I'm hopping the warmer weather will bring some relief. Prayers out to you and your kind heart.
; )
 
I'm not sure why my post didn't show in, maybe it will later. I don't know you full situation, but maybe it is not you letting anyone down, you have exceptional circumstances and given these circumstances perhaps they are the ones letting you down??? Just saying, I read your kind, compassionate post, i can hear your nurturing spirit. Please don't feel guilty for not living up to someone else's standees and forgive those who demand what they themselves aren't giving. I could be way off and if so please forgive me. But the people wanting more from you then you can give aren't going to do it.
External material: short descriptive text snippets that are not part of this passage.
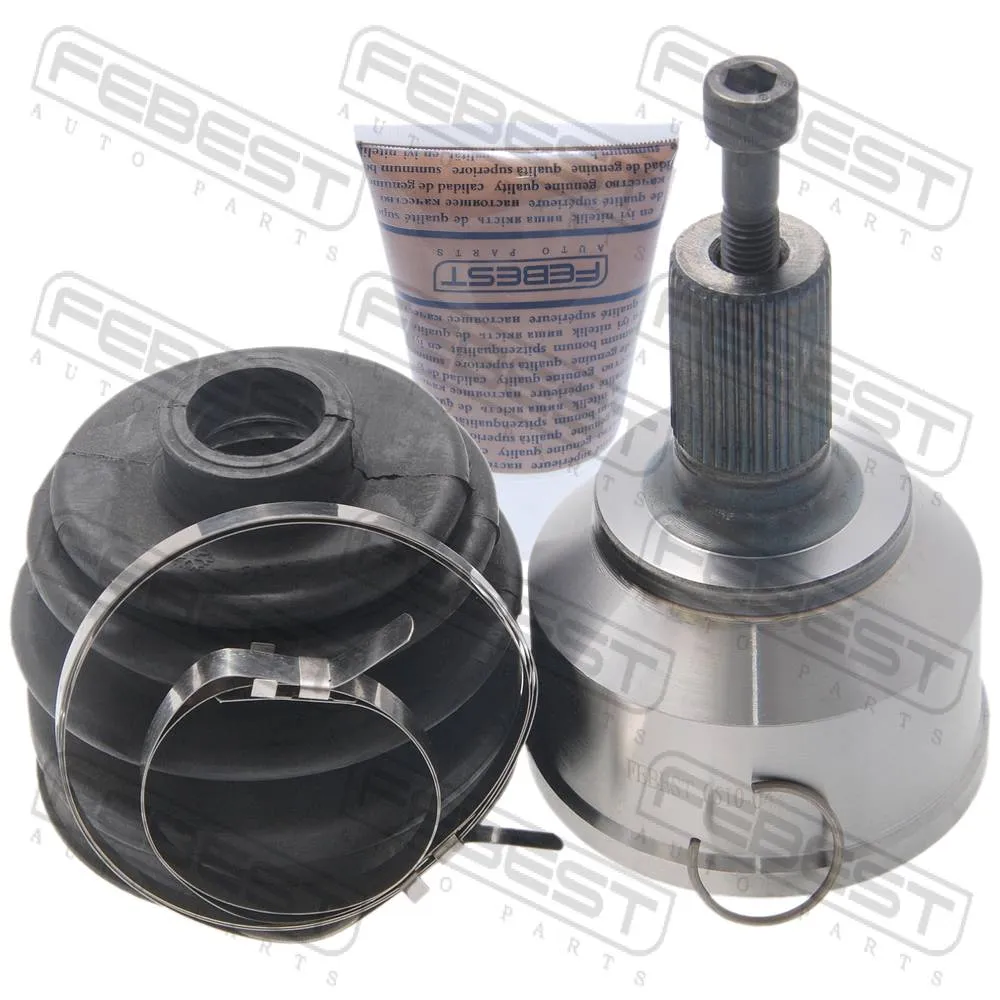 ШРУС наружный 24x55.2x36 MAZDA FEBEST 0510-043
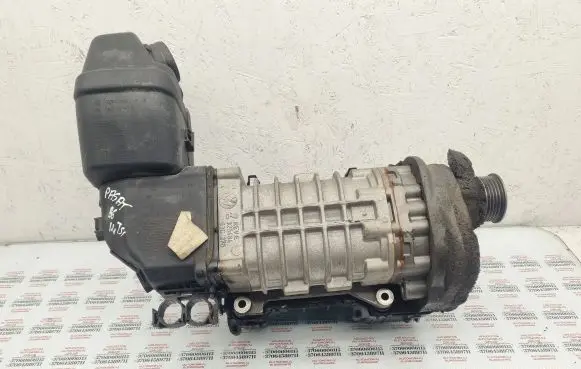 Volkswagen PASSAT B6 Supercharger 03C145851K 03C103502K
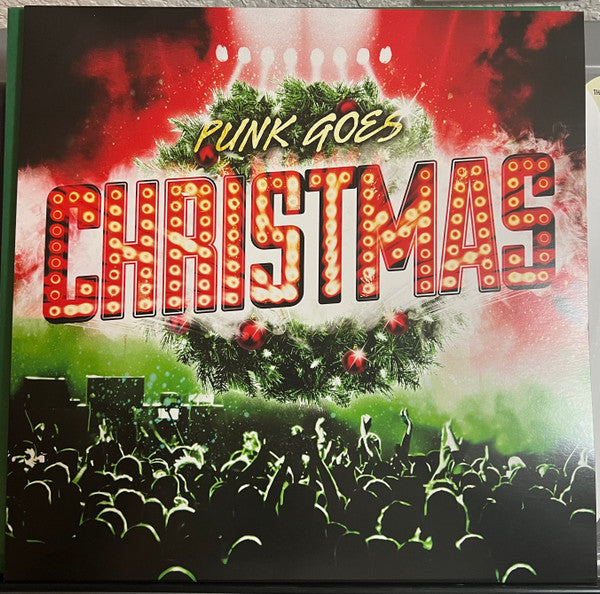 Various - Punk Goes Christmas (LP)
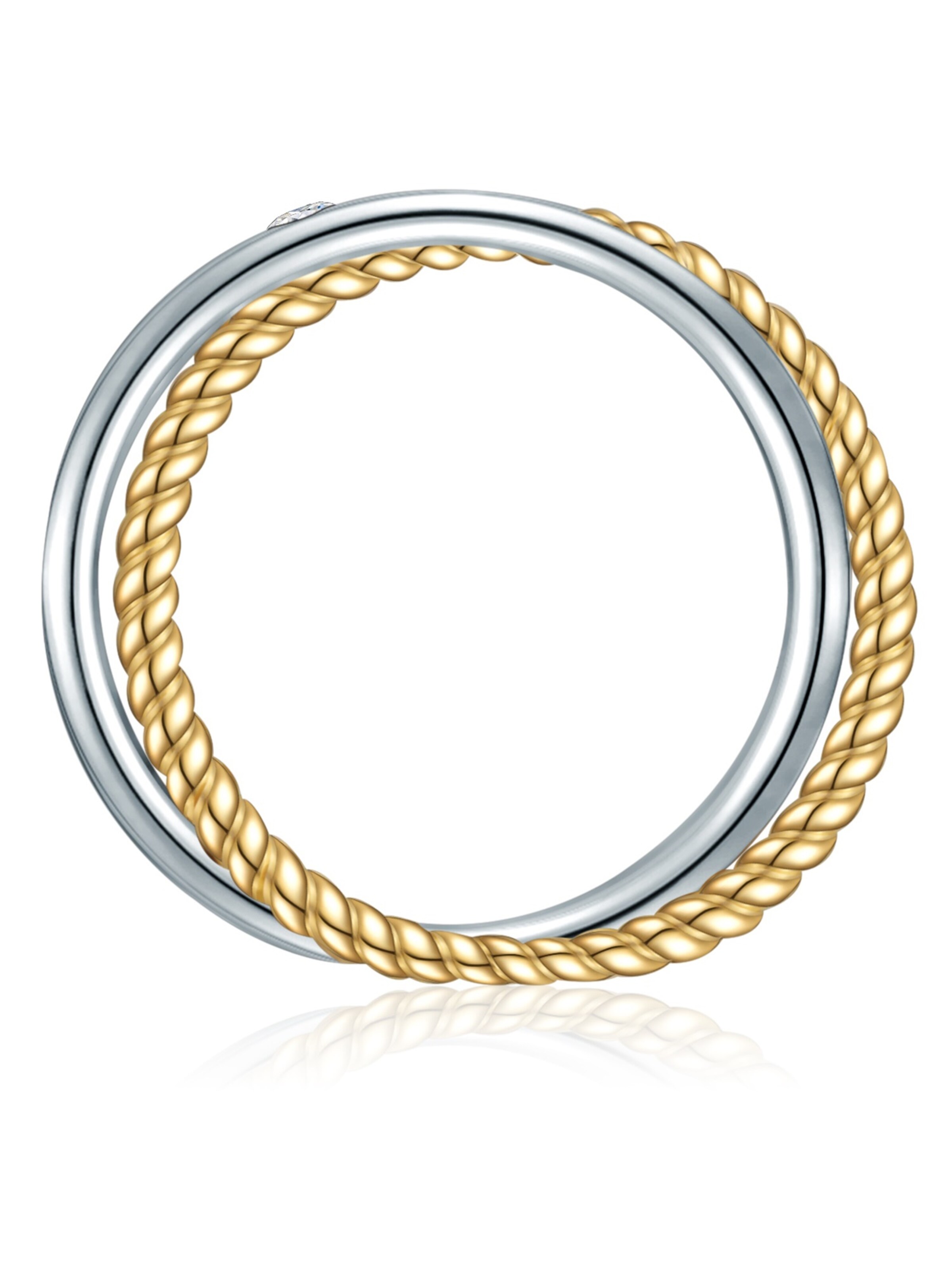 Lulu & Jane Ring in Gold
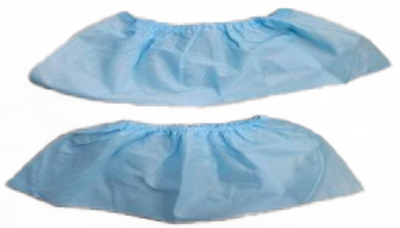 Бахилы хирургические нестерильные высота 16 см на резинке Инмедиз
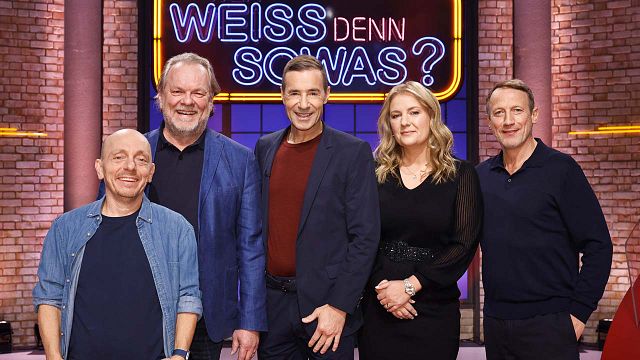bild aus der news Zwei Opern-Ikonen bei "Wer weiß denn sowas?": Das sind die heutigen Gäste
Love yourself as you clearly live others. May peace fall upon your heart and the answers become clear.
Lots of gentle hugs!!!
 
You are sweet Eyesup...wish we were neighbours toooo. Your words are very welcome and i appreciate the understanding more than i could express. It is loving myself i am finding so hard as i absorb everyone else's comments and the last year or more has been so full of negative events in so many ways that would be too personal to post on a forum.
 
Hi there, Willow :) So sorry to read your fibro is really bad right now, it sounds like you are going through so much. I think you are so strong, and I'd not blame you if you lost your faith in god, at time I feel the same way. Feeling isolated it's so easy when you suffer from this, but I am glad you fund us and this amazing forum!